Mapping from parameter names in the model’s fit method to the column names which hold the data, e.g. {'sample_weight': 'survey_weight_column'}.

polling_interval : float, optional

Check for job completion every this number of seconds. Do not set if using the notifications endpoint.

validation_data : str, optional

Source for validation data. There are currently two options: ‘train’ (the default), which cross-validates over training data for validation; and ‘skip’, which skips the validation step.

n_jobs : int, optional

Number of jobs to use for training and validation. Defaults to 4, which allows parallelization over the 4 cross validation folds. Increase n_jobs to parallelize over many hyperparameter combinations in grid search/hyperband, or decrease to use fewer computational resources at once.

Returns:

ModelFuture

class civis.ml.ModelFuture(job_id, run_id, train_job_id=None, train_run_id=None, polling_interval=None, client=None, poll_on_creation=True)[source]¶

Encapsulates asynchronous execution of a CivisML job

This object knows where to find modeling outputs from CivisML jobs. All data attributes are lazily retrieved and block on job completion.

This object can be pickled, but it does not store the state of the attached APIClient object. An unpickled ModelFuture will use the API key from the user’s environment.

Parameters:

job_id : int

ID of the modeling job

run_id : int

ID of the modeling run

train_job_id : int, optional

If not provided, this object is assumed to encapsulate a training job, and train_job_id will equal job_id.

train_run_id : int, optional

If not provided, this object is assumed to encapsulate a training run, and train_run_id will equal run_id.

polling_interval : int or float, optional

The number of seconds between API requests to check whether a result is ready. The default intelligently switches between a short interval if pubnub is not available and a long interval for pubnub backup if that library is installed.

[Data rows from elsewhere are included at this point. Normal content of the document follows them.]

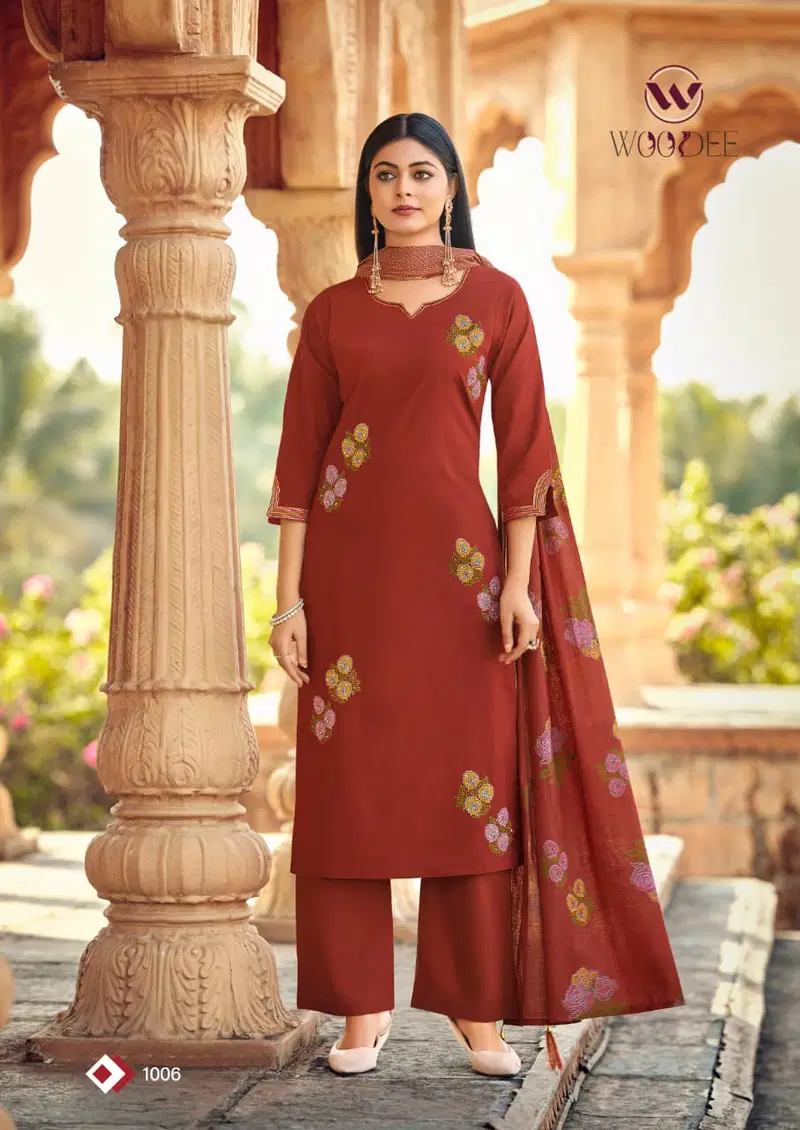 Latest Woodee Mahek Cotton Soft Thread Worked Kurti With Bottom Dupatta Wholesale 2026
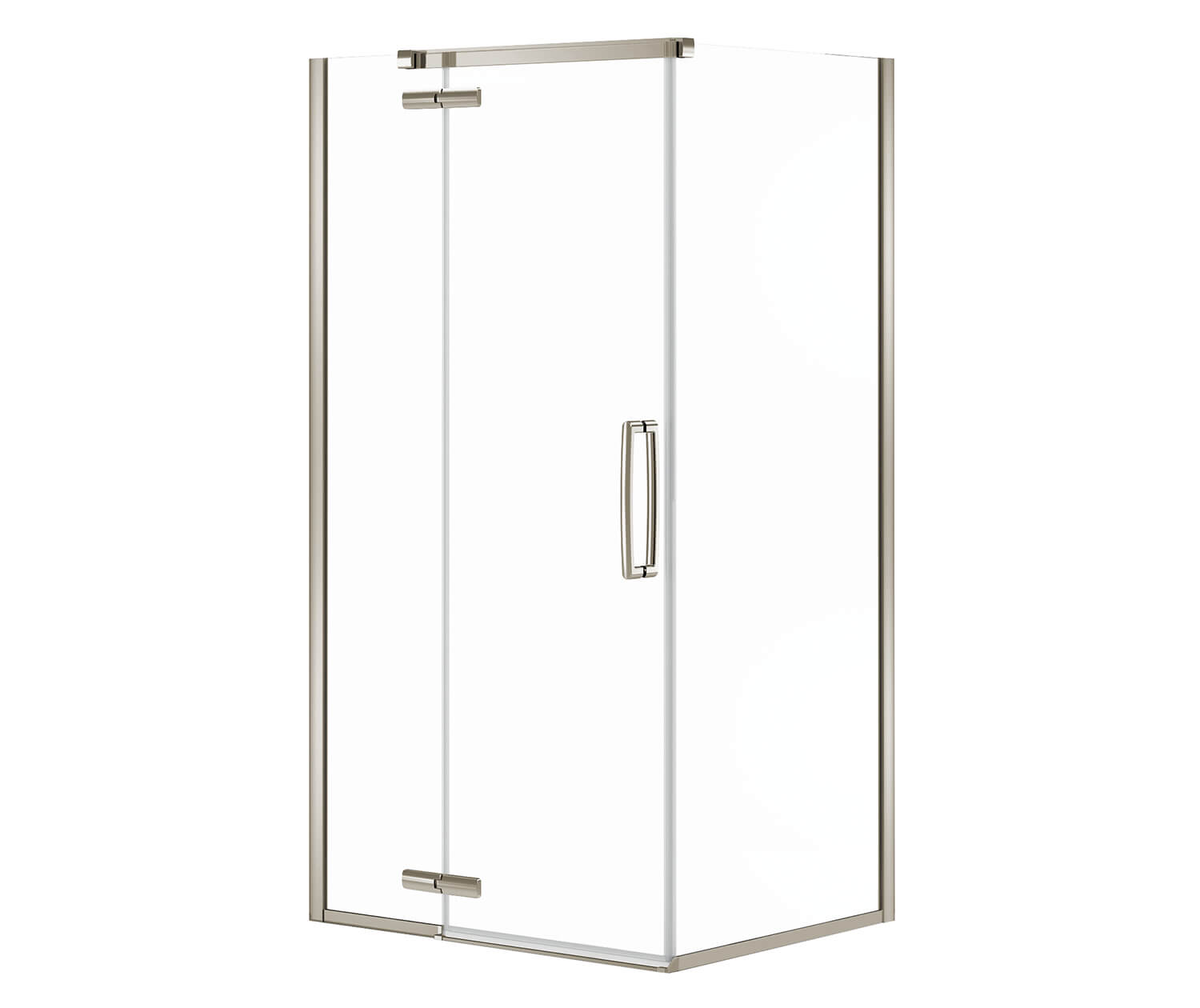 Link Curve Rectangular 42 x 34 x 75 in. 8mm Pivot Shower Door for Corner Installation with Clear glass in Brushed Nickel - Plumbing Market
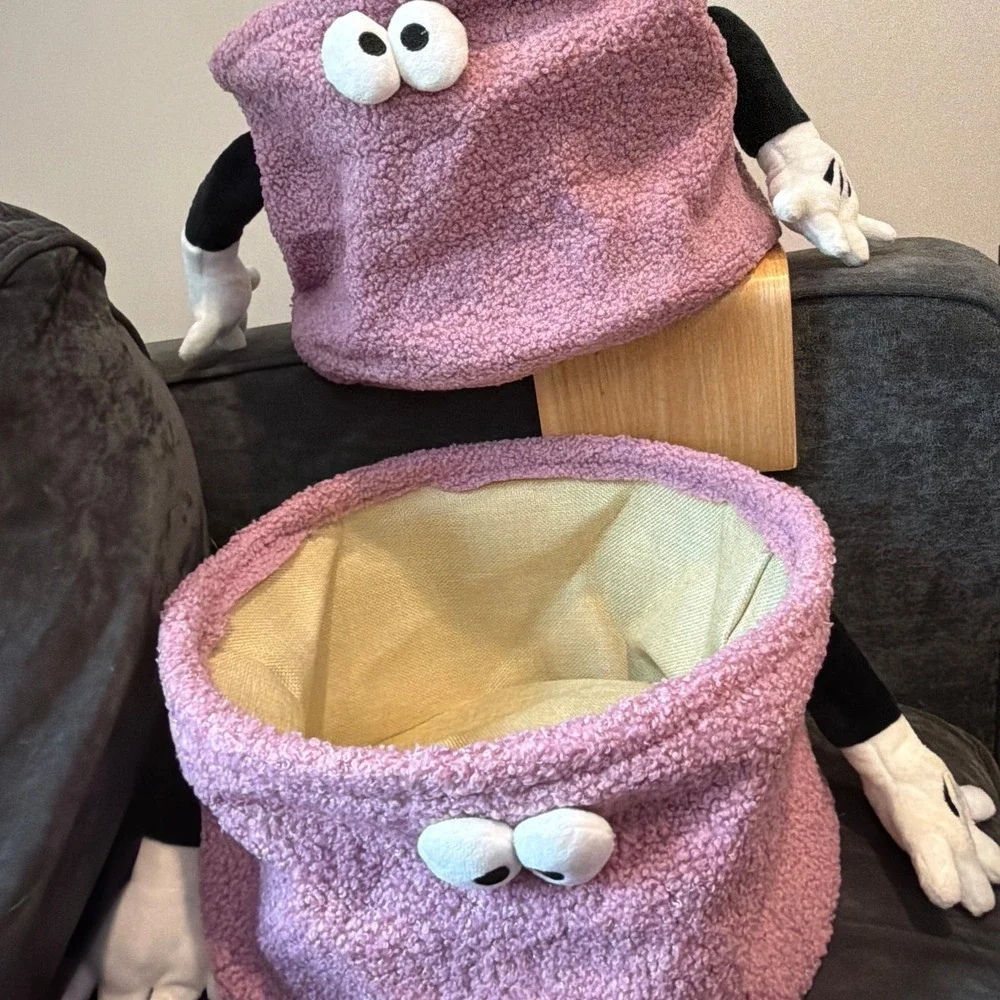 Pink Fuzzy Monster Storage‎ Box with 3D Eyes and Arms #dorm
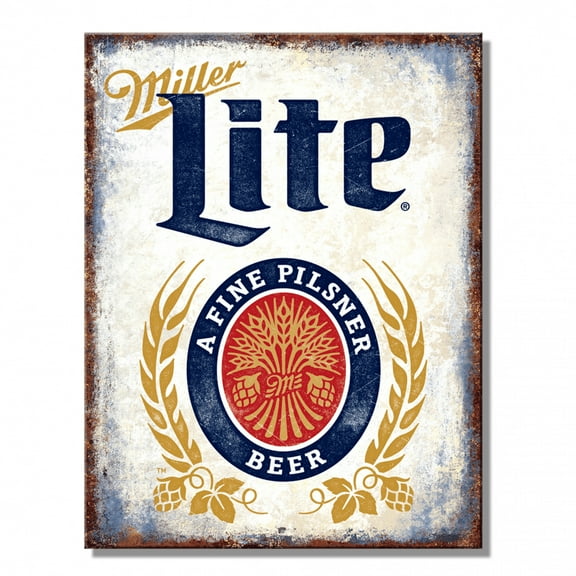Miller Lite A Fine Pilsner Beer Tin Sign 8.25 x 10.75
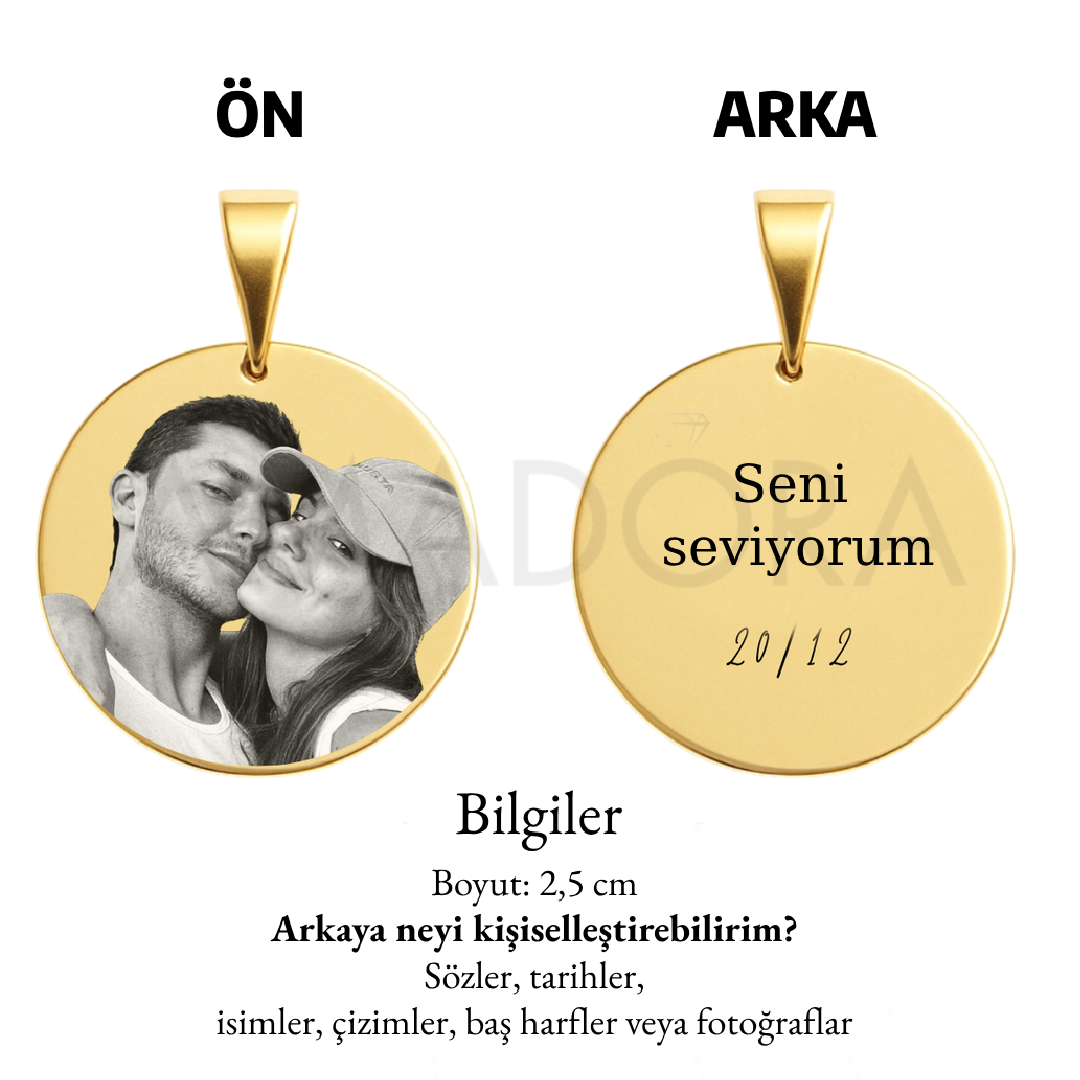 Kişiye Özel Resimli Yuvarlak Kolye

client : civis.APIClient, optional

If not provided, an civis.APIClient object will be created from the CIVIS_API_KEY.

poll_on_creation : bool, optional

If True (the default), it will poll upon calling result() the first time. If False, it will wait the number of seconds specified in polling_interval from object creation before polling.

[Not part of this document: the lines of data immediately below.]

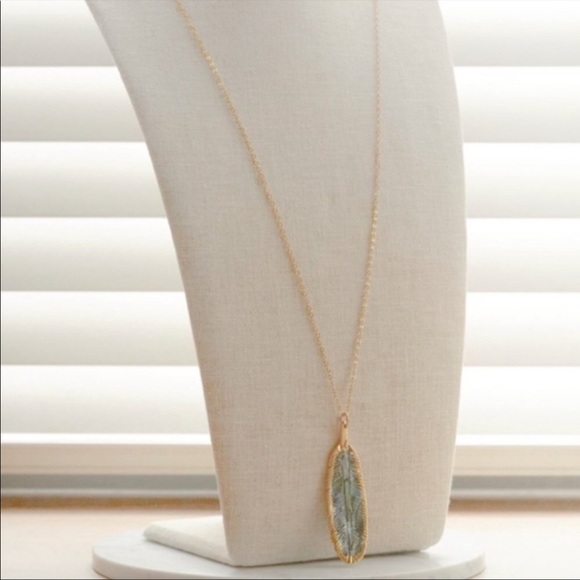 Carved Shell 14K Gold Feather Necklace - Picture 7 of 7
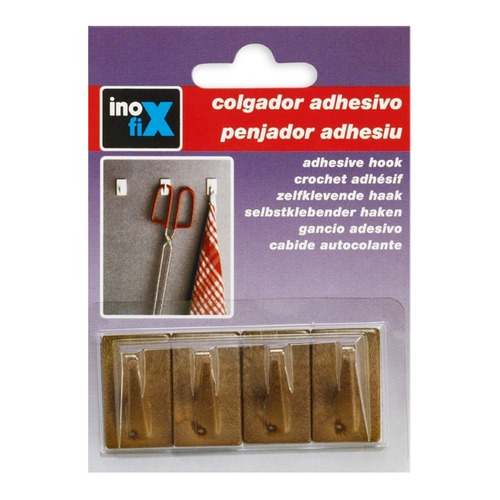 COLGADOR ADHESIVO MADERA PACK 4 INOFIX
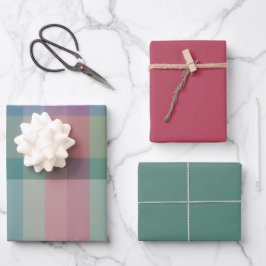 Conjunto de 3 folhas planas de papel de embrulho J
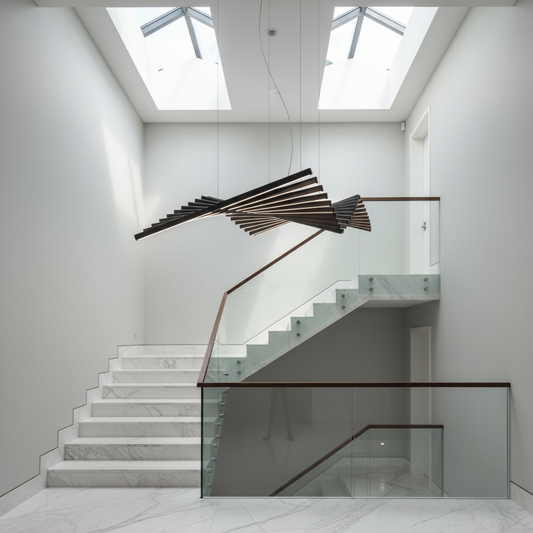 modern black chandelier with rotating bars glowing in a contemporary kitchen
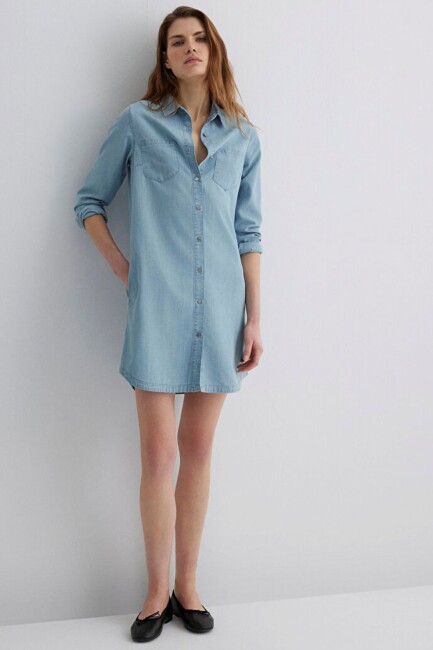Kadın Lız Gold Premium Denim Elbise 130656-89576 Mavi (1)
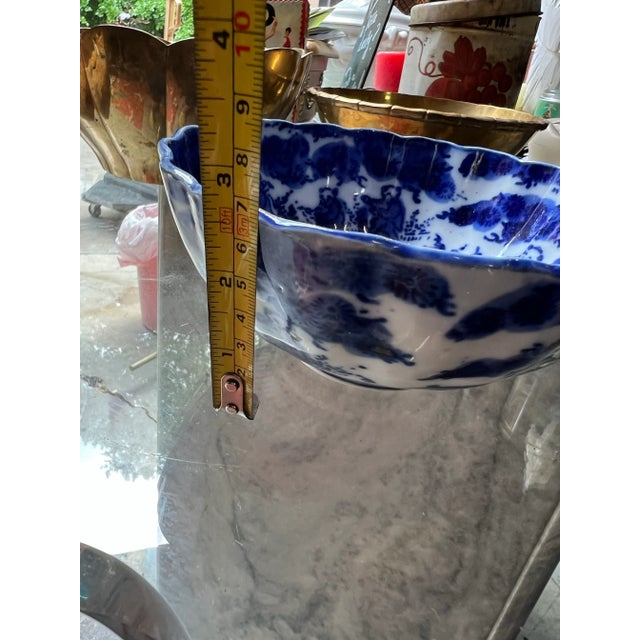 1970s Antique Japanese Meiji Period Blue Bowl For Sale - Image 5 of 8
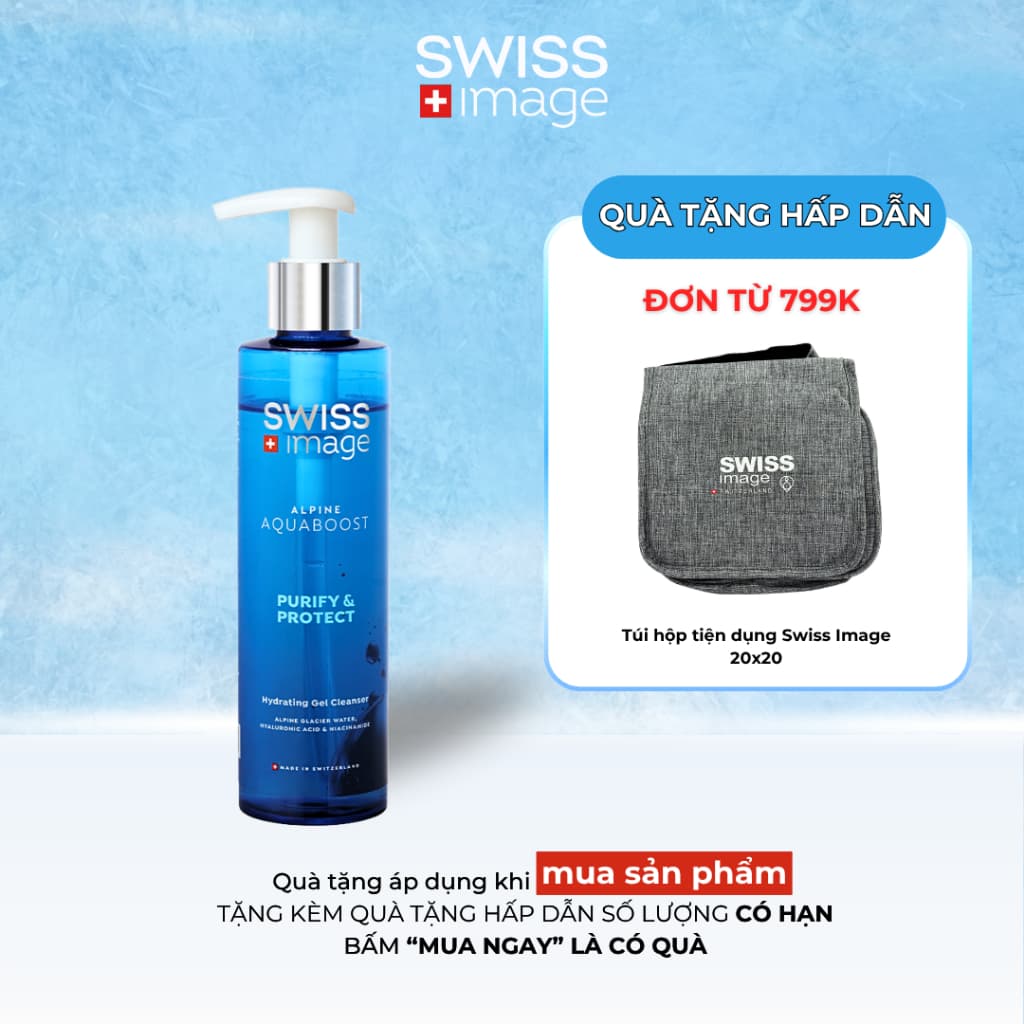 Gel rửa mặt AquaBoost SWISS IMAGE làm sạch sâu, cấp ẩm tức thì cho da Alpine Hydrating Gel Cleanser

metadata	(dict, blocking) The metadata associated with this modeling job
metrics	(dict, blocking) Validation metrics from this job’s training
validation_metadata	(dict, blocking) Metadata from this modeling job’s validation run
train_metadata	(dict, blocking) Metadata from this modeling job’s training run (will be identical to metadata if this is a training run)
estimator	(`sklearn.pipeline.Pipeline`, blocking) The fitted scikit-learn Pipeline resulting from this model run
table	(`pandas.DataFrame`, blocking) The table output from this modeling job: out-of-sample predictions on the training set for a training job, or a table of predictions for a prediction job. If the prediction job was split into multiple files (this happens automatically for large tables), this attribute will provide only predictions for the first file.
state	(str) The current state of the Civis Platform run
job_id	(int)
run_id	(int)
train_job_id	(int) Container ID for the training job – identical to `job_id` if this is a training job.
train_run_id	(int) As `train_job_id` but for runs
is_training	(bool) True if this `ModelFuture` corresponds to a train-validate job.

cancel()	Cancels the corresponding Platform job before completion
succeeded()	(Non-blocking) Is the job a success?
failed()	(Non-blocking) Did the job fail?
cancelled()	(Non-blocking) Was the job cancelled?
running()	(Non-blocking) Is the job still running?
done()	(Non-blocking) Is the job finished?
result()	(Blocking) Return the final status of the Civis Platform job.